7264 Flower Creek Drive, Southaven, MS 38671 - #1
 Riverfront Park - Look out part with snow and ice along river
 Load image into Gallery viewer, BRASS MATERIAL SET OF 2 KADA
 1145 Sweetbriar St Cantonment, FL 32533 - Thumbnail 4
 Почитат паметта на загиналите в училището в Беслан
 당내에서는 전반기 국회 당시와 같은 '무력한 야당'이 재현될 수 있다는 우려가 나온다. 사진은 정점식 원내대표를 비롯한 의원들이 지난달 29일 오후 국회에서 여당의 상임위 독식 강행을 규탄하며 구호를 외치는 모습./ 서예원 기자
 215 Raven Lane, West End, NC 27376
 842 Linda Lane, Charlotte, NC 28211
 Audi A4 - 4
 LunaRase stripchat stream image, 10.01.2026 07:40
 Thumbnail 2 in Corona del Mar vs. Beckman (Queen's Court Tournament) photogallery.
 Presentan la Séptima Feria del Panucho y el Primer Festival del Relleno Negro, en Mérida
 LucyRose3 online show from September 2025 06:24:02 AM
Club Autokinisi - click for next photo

====================

» Exercise objective
Each line from the start of the listing above through the line containing "Почитат паметта на" should be copied exactly, please, with no other lines added.

» Solution for this problem
7264 Flower Creek Drive, Southaven, MS 38671 - #1
 Riverfront Park - Look out part with snow and ice along river
 Load image into Gallery viewer, BRASS MATERIAL SET OF 2 KADA
 1145 Sweetbriar St Cantonment, FL 32533 - Thumbnail 4
 Почитат паметта на загиналите в училището в Беслан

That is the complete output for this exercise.